*The task*
Only some lines are wanted. Transcribe, exactly, the lines below from the line with "High Quality Gloves" up to and including the line with "Front Upper Fairing".
----
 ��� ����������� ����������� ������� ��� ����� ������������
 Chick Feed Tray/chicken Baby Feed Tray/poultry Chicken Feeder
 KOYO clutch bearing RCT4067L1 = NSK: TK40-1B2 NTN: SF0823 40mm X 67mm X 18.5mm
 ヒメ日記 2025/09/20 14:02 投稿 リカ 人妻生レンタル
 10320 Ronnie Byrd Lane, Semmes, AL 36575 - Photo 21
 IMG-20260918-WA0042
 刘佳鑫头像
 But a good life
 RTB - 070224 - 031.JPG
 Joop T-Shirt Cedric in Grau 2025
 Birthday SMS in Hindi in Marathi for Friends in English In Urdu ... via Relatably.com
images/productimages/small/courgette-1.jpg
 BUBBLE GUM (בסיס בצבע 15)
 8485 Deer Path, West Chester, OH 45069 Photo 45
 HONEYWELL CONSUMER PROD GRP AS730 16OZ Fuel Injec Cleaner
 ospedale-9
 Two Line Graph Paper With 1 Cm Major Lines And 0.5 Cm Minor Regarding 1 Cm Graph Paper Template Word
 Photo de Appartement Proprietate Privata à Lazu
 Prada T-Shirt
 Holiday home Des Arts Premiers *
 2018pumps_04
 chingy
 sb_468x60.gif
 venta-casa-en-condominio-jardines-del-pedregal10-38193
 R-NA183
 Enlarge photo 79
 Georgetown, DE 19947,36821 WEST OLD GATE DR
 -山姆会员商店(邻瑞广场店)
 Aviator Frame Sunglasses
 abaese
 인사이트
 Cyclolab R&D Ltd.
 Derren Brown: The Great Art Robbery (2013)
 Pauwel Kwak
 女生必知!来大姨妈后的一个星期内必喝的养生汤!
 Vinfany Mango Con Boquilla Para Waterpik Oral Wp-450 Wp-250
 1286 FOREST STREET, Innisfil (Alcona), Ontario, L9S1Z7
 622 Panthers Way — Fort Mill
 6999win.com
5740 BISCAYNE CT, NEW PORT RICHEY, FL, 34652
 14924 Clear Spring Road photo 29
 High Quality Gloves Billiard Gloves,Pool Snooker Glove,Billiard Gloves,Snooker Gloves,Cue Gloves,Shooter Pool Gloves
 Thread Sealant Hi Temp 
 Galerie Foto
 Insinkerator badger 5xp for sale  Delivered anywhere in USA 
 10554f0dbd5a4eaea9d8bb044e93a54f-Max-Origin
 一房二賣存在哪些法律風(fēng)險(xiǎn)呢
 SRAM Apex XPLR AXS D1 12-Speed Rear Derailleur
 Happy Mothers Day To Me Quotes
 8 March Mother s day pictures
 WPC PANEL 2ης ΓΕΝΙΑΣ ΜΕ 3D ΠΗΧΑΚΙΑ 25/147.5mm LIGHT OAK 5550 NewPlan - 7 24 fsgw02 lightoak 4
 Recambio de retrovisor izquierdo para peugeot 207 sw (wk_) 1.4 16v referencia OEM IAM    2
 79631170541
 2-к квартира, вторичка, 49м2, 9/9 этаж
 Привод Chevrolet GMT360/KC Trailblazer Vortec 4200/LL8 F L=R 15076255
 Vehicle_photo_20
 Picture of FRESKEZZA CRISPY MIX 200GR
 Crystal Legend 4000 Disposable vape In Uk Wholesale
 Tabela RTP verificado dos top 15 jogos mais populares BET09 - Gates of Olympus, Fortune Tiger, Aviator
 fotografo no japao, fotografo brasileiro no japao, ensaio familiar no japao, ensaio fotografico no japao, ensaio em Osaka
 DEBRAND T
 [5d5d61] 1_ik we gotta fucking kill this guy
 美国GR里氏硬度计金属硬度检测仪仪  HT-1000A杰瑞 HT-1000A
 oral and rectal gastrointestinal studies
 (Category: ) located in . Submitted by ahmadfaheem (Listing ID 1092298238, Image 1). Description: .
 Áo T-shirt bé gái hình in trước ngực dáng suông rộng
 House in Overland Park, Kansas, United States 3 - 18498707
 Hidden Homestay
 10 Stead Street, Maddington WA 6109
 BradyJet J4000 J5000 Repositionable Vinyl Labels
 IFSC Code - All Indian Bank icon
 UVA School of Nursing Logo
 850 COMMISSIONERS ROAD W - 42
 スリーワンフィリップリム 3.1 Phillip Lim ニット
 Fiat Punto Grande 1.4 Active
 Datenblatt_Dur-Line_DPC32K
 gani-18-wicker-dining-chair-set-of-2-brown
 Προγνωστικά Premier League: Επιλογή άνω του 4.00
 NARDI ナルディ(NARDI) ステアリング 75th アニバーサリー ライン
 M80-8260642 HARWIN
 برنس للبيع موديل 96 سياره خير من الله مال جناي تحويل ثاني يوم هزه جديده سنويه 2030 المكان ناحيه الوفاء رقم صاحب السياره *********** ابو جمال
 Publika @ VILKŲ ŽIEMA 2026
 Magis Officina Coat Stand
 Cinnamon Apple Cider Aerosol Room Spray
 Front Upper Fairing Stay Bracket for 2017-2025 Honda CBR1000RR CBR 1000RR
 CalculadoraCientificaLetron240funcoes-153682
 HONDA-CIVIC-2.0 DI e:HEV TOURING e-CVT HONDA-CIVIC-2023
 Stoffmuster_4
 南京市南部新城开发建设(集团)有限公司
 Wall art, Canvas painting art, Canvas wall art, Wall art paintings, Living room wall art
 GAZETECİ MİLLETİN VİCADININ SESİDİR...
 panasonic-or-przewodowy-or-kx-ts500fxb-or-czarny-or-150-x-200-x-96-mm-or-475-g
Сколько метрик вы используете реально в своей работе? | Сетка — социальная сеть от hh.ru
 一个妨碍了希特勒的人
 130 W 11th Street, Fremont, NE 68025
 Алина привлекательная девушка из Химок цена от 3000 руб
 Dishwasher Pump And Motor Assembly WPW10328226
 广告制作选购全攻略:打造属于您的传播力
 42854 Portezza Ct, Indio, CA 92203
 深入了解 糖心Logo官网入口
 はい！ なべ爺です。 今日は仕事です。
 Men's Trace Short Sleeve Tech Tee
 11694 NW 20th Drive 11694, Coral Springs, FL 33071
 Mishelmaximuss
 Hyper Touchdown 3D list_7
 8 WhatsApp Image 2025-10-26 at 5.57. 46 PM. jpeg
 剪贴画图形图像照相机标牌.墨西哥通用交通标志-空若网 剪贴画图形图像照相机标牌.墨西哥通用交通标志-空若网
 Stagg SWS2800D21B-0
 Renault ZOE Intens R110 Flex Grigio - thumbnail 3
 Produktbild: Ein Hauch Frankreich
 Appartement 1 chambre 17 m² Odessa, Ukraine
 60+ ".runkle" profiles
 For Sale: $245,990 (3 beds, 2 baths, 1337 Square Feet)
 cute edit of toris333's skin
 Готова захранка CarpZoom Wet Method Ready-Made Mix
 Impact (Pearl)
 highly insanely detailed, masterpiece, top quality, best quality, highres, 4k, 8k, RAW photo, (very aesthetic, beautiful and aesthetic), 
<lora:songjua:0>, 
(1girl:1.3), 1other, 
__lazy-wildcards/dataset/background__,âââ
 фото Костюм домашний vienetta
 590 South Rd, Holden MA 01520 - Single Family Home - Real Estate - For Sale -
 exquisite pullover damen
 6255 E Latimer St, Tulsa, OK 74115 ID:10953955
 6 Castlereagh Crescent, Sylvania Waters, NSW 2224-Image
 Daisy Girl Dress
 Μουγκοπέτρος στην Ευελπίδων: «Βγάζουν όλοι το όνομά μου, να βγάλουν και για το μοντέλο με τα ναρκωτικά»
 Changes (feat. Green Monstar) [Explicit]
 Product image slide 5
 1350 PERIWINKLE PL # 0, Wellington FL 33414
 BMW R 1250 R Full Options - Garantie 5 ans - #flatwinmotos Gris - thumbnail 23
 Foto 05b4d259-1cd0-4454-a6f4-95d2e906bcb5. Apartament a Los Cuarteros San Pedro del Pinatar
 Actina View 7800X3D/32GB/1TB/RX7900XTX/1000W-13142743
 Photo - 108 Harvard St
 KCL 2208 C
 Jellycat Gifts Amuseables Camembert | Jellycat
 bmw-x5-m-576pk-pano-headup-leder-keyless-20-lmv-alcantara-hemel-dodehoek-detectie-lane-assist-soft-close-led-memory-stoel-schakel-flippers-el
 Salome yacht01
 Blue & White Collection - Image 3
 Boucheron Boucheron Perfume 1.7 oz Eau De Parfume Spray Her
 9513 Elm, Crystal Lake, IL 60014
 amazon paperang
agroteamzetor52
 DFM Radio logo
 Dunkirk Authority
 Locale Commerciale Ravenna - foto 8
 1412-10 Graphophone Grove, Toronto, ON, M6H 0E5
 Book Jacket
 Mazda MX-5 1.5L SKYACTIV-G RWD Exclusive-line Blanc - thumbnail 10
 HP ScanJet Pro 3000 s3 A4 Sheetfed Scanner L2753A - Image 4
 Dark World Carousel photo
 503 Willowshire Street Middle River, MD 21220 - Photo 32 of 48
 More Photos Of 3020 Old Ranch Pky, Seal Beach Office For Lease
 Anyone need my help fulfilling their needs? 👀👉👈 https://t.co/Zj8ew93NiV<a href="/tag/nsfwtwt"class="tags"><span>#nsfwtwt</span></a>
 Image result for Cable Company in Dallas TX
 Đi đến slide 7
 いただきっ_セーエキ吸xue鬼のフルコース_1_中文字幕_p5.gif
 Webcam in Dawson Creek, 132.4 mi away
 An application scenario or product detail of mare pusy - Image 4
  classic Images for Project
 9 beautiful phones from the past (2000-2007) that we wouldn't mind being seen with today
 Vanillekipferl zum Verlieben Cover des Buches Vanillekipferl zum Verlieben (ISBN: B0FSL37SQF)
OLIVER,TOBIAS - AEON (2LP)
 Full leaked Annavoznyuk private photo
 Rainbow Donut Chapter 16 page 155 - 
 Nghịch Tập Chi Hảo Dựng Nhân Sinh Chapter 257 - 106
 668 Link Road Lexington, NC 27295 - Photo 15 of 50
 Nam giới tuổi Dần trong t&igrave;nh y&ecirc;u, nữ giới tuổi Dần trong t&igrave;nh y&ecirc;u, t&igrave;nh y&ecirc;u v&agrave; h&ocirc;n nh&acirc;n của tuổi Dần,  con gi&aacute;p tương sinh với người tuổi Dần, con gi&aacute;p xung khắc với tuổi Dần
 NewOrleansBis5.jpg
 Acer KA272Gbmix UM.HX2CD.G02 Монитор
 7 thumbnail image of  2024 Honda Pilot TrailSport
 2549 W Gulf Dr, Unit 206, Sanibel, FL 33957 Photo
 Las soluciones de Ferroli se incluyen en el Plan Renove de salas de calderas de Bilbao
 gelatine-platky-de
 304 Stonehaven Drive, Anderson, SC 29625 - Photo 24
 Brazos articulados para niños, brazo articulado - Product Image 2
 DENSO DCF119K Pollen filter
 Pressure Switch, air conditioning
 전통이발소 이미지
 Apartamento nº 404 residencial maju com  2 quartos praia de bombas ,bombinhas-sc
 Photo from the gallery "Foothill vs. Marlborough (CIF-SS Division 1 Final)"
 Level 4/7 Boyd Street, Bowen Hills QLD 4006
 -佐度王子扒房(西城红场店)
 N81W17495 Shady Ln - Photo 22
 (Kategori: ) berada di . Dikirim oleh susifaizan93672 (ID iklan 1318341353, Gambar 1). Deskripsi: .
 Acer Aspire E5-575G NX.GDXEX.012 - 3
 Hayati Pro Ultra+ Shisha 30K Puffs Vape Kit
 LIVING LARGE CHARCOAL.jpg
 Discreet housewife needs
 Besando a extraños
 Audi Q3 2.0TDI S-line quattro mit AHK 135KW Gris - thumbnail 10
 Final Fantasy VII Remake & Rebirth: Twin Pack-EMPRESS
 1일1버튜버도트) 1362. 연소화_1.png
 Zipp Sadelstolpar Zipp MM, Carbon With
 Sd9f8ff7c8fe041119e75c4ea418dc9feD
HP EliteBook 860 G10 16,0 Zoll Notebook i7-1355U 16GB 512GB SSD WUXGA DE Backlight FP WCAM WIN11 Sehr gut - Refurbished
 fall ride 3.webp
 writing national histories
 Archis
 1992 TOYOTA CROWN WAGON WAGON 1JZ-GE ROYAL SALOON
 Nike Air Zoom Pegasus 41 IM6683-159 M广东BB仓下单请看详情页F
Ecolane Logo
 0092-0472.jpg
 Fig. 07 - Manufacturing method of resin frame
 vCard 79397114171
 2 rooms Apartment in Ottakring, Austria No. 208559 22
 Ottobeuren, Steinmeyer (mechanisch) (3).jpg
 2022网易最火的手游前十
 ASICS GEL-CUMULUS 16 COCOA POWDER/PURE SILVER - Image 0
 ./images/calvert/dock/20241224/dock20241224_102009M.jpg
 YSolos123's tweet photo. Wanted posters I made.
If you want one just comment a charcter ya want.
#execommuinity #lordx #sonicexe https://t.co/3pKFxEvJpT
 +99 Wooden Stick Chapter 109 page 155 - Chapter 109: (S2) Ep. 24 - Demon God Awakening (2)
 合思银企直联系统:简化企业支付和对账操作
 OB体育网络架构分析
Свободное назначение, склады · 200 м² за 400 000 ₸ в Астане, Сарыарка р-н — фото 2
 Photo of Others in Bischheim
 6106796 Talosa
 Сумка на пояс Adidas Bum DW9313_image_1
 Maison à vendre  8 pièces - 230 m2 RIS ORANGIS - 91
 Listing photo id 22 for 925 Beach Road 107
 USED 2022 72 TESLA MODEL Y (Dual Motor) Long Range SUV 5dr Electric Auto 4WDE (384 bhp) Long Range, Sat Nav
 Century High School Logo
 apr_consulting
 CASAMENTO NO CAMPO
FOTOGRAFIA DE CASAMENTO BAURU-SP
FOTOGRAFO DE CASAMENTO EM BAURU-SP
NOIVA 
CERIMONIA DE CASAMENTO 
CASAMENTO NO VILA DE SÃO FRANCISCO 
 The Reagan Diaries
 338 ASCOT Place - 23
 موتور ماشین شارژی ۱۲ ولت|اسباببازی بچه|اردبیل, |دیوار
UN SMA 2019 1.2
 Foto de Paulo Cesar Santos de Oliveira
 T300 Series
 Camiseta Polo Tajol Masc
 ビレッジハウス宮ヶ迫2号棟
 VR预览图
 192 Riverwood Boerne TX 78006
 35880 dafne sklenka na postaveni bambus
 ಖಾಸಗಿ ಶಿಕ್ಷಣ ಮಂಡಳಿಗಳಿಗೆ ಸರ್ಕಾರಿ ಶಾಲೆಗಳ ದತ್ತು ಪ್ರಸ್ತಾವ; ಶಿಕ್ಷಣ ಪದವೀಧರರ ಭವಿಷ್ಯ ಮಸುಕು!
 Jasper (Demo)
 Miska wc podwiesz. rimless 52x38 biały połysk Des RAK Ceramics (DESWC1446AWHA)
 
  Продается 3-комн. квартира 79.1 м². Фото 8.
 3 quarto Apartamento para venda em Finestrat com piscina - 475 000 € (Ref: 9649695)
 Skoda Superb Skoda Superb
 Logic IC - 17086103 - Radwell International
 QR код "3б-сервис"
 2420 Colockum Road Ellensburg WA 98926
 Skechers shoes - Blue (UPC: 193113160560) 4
----
*Answer*
 High Quality Gloves Billiard Gloves,Pool Snooker Glove,Billiard Gloves,Snooker Gloves,Cue Gloves,Shooter Pool Gloves
 Thread Sealant Hi Temp 
 Galerie Foto
 Insinkerator badger 5xp for sale  Delivered anywhere in USA 
 10554f0dbd5a4eaea9d8bb044e93a54f-Max-Origin
 一房二賣存在哪些法律風(fēng)險(xiǎn)呢
 SRAM Apex XPLR AXS D1 12-Speed Rear Derailleur
 Happy Mothers Day To Me Quotes
 8 March Mother s day pictures
 WPC PANEL 2ης ΓΕΝΙΑΣ ΜΕ 3D ΠΗΧΑΚΙΑ 25/147.5mm LIGHT OAK 5550 NewPlan - 7 24 fsgw02 lightoak 4
 Recambio de retrovisor izquierdo para peugeot 207 sw (wk_) 1.4 16v referencia OEM IAM    2
 79631170541
 2-к квартира, вторичка, 49м2, 9/9 этаж
 Привод Chevrolet GMT360/KC Trailblazer Vortec 4200/LL8 F L=R 15076255
 Vehicle_photo_20
 Picture of FRESKEZZA CRISPY MIX 200GR
 Crystal Legend 4000 Disposable vape In Uk Wholesale
 Tabela RTP verificado dos top 15 jogos mais populares BET09 - Gates of Olympus, Fortune Tiger, Aviator
 fotografo no japao, fotografo brasileiro no japao, ensaio familiar no japao, ensaio fotografico no japao, ensaio em Osaka
 DEBRAND T
 [5d5d61] 1_ik we gotta fucking kill this guy
 美国GR里氏硬度计金属硬度检测仪仪  HT-1000A杰瑞 HT-1000A
 oral and rectal gastrointestinal studies
 (Category: ) located in . Submitted by ahmadfaheem (Listing ID 1092298238, Image 1). Description: .
 Áo T-shirt bé gái hình in trước ngực dáng suông rộng
 House in Overland Park, Kansas, United States 3 - 18498707
 Hidden Homestay
 10 Stead Street, Maddington WA 6109
 BradyJet J4000 J5000 Repositionable Vinyl Labels
 IFSC Code - All Indian Bank icon
 UVA School of Nursing Logo
 850 COMMISSIONERS ROAD W - 42
 スリーワンフィリップリム 3.1 Phillip Lim ニット
 Fiat Punto Grande 1.4 Active
 Datenblatt_Dur-Line_DPC32K
 gani-18-wicker-dining-chair-set-of-2-brown
 Προγνωστικά Premier League: Επιλογή άνω του 4.00
 NARDI ナルディ(NARDI) ステアリング 75th アニバーサリー ライン
 M80-8260642 HARWIN
 برنس للبيع موديل 96 سياره خير من الله مال جناي تحويل ثاني يوم هزه جديده سنويه 2030 المكان ناحيه الوفاء رقم صاحب السياره *********** ابو جمال
 Publika @ VILKŲ ŽIEMA 2026
 Magis Officina Coat Stand
 Cinnamon Apple Cider Aerosol Room Spray
 Front Upper Fairing Stay Bracket for 2017-2025 Honda CBR1000RR CBR 1000RR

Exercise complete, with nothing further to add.